Türkiye’de son yıllarda kadına şiddet, çocuğa ve hayvana şiddet gözden kaçırılamayacak derecede çok artmıştır. Öyle ki bu olaylar sonucunda şüphelilerin serbest bırakılması, sanıkların tahliye edilmeleri vicdanları rahatsız etmekte ve adalet duygusunun yitirilmesine biraz daha vesile olmaktadır. İnsanlar tarafından sosyal medya, bu ağır duygularla baş etme yöntemi olarak kullanılırken, adalet duygusu sarsılmış bir kişinin serzenişi aynı duyguya sahip ülkenin kilometrelerce ötesindeki başka bir kişiyi de etkilemekte ve tepkisini koymakta da tetiklemektedir. Adalet duygusunun zayıflaması, ekonomik ve yaşam koşullarının zayıflaması, sosyal medyayı ister istemez kuvvetli bir erk haline getirmiştir.
Yapılan araştırmalar göstermektedir ki; sosyal medyada gündeme oturan en bilinen olaylarda şüpheliler gözaltına alınarak tutuklanmış, sanıklara ise vicdanları tatmin edecek cezalar verilmiştir. Sosyal medya araçlarından yayılan haberlerin yarattığı öfke ve kızgınlık toplumsal baskı yaratmakta ve adalet mekanizmasını sıkıştırmakta ve etkin bir rol oynamaktadır.

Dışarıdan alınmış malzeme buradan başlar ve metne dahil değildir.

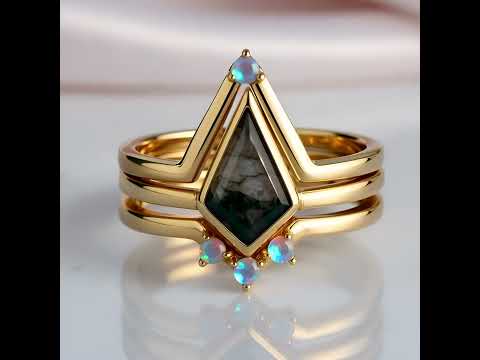 Natural Moss Agate Irregular Kit-cut Yellow Gold Wedding Ring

Okuyucuda oluşan algı sosyal medyanın etkin gücü sayesinde adalet yerini buluyorken adli makamlar gözünden bakıldığında da sosyal medyanın etkin gücü sayesinde bilgilere, belgelere ulaşmanın çok daha kolay hale gelmesidir. Sosyal medya kullanıcılarının paylaşımlarının, delil toplama yetkisine sahip kolluk ve savcılık makamı kanaatini oluşturmakta yadsınamaz bir etkisi olduğunu kabul etmek gerekir.

Adaletin yerini bulduğu, mevcut mevzuatın ihtiyaçlara cevap verdiği, toplumsal refahın yükseldiği günlere ulaşmak dileğiyle.